Saved 335 potential bug-fixing commits to potential_bug_fix_commits.csv


## Diff extraction and analysis

In [59]:
# Load model directly
from transformers import AutoTokenizer, AutoModelForSeq2SeqLM

tokenizer = AutoTokenizer.from_pretrained("mamiksik/CommitPredictorT5")
model = AutoModelForSeq2SeqLM.from_pretrained("mamiksik/CommitPredictorT5")

In [60]:
def infer(file):
    input_text = f"{file.source_code_before};{file.source_code}"

    # tokenize the and generate 
    inputs = tokenizer(input_text,return_tensors='pt')
    outputs = model.generate(**inputs)

    # decode and generated tokens
    prediction = tokenizer.decode(outputs[0],skip_special_tokens=True)
    return prediction

In [None]:
from transformers import AutoTokenizer, AutoModelForSeq2SeqLM
from pydriller import Repository
import pandas as pd
import torch
import gc

# Load model once
device = torch.device("cuda" if torch.cuda.is_available() else "cpu")
tokenizer = AutoTokenizer.from_pretrained("mamiksik/CommitPredictorT5")
model = AutoModelForSeq2SeqLM.from_pretrained("mamiksik/CommitPredictorT5").to(device)
model.eval()

MAX_INPUT_TOKENS = 512  
MAX_OUTPUT_TOKENS = 512 

def safe_infer(diff_text):
    """Run model inference safely using only file.diff."""
    if not diff_text:
        return ""
    
    # Tokenize & truncate
    inputs = tokenizer(
        diff_text,
        return_tensors='pt',
        max_length=MAX_INPUT_TOKENS,
        truncation=True
    ).to(device)

    with torch.no_grad():
        outputs = model.generate(**inputs, max_length=MAX_OUTPUT_TOKENS)

    return tokenizer.decode(outputs[0], skip_special_tokens=True)


def collect_commit_data(repo_url):
    iter = 1000000000
    commit_data = []
    
    for commit in Repository(repo_url).traverse_commits():
        if iter == 0:
            return commit_data
        iter-=1
        if is_bug_commit_naive(commit):
            for file in commit.modified_files:
                try:
                    inference = safe_infer(file.diff)

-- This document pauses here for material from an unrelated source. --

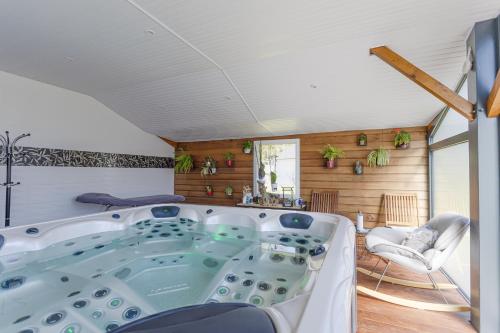 uma banheira num quarto com paredes de madeira em Villa - Spa Terre et Mer em Landévant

                    commit_data.append({
                        "hash": commit.hash,
                        "filename": file.filename,
                        "diff": file.diff or "",
                        "llm_inference": inference,
                        "rectified_msg": ""
                    })

                except Exception as e:
                    print(f"Skipped file {file.filename} in commit {commit.hash}: {e}")
                
                # Free memory
                gc.collect()
                torch.cuda.empty_cache()

    return commit_data



commit_data = collect_commit_data(repo_url)

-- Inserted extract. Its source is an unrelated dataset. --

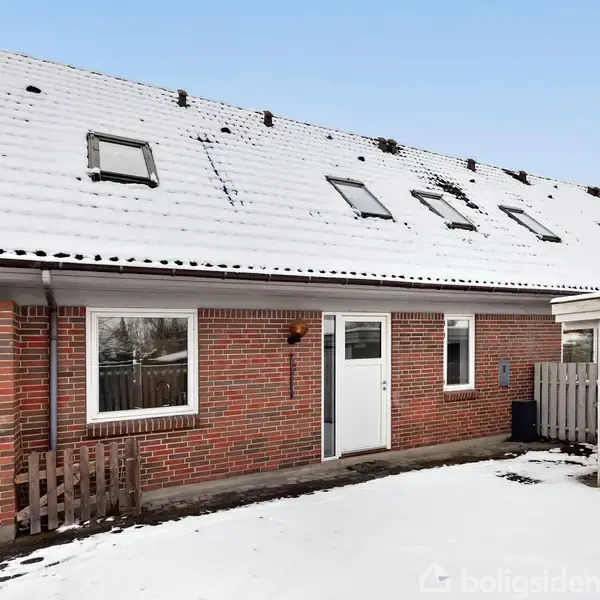 Et rødt murstenshus med et snedækket tag og flere ovenlysvinduer. Husets hoveddør er hvid, omgivet af sne i en indkørsel. Hegn og carport ses i baggrunden.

df = pd.DataFrame(commit_data)
csv_path = "llm_inference.csv"
df.to_csv(csv_path, index=False)

print(f"\nSaved {len(df)} potential bug-fixing files to {csv_path}")

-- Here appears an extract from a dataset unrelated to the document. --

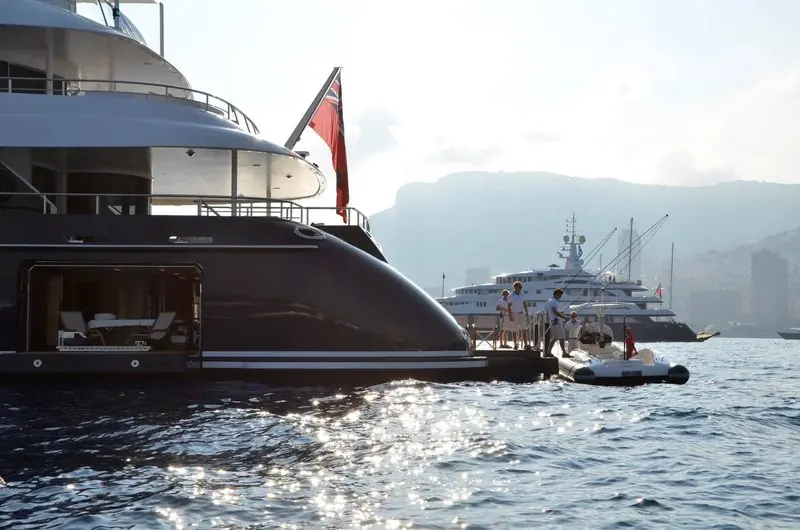 Guests step from a superyacht swim platform into a tender alongside, the beach club open behind them.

Saved 510 potential bug-fixing commits to llm_inference.csv


In [62]:
!pip install groq

huggingface/tokenizers: The current process just got forked, after parallelism has already been used. Disabling parallelism to avoid deadlocks...
	- Avoid using `tokenizers` before the fork if possible
	- Explicitly set the environment variable TOKENIZERS_PARALLELISM=(true | false)




## Rectifier Formulation

In [None]:
from transformers import AutoTokenizer, AutoModelForSeq2SeqLM
from pydriller import Repository
import pandas as pd
import torch
import gc
from groq import Groq  
import os

import secret.api_key

groq_client = Groq(api_key=api_key)


device = torch.device("cuda" if torch.cuda.is_available() else "cpu")
tokenizer = AutoTokenizer.from_pretrained("mamiksik/CommitPredictorT5")
model = AutoModelForSeq2SeqLM.from_pretrained("mamiksik/CommitPredictorT5").to(device)
model.eval()

MAX_INPUT_TOKENS = 512
MAX_OUTPUT_TOKENS = 128


def infer(diff_text):
    
    if not diff_text or not diff_text.strip():
        return ""
    
    inputs = tokenizer(
        diff_text,
        return_tensors='pt',
        max_length=MAX_INPUT_TOKENS,
        truncation=True
    ).to(device)

    with torch.no_grad():
        outputs = model.generate(**inputs, max_length=MAX_OUTPUT_TOKENS)

    return tokenizer.decode(outputs[0], skip_special_tokens=True)

def safe_truncate(text, max_chars=4000):
    
    if len(text) > max_chars:
        return text[:max_chars] + "\n...[TRUNCATED]..."
    return text

def groq_commit_message(prompt):
    
    prompt = safe_truncate(prompt, max_chars=4000)  # ~4000 chars ≈ 1500–2000 tokens

    chat_completion = groq_client.chat.completions.create(
        model="llama-3.3-70b-versatile",
        messages=[
            {
                "role": "system",
                "content": "You are an expert software engineer skilled at writing precise commit messages."
            },
            {
                "role": "user",
                "content": prompt
            }
        ],
        temperature=0.3,
        max_tokens=150
    )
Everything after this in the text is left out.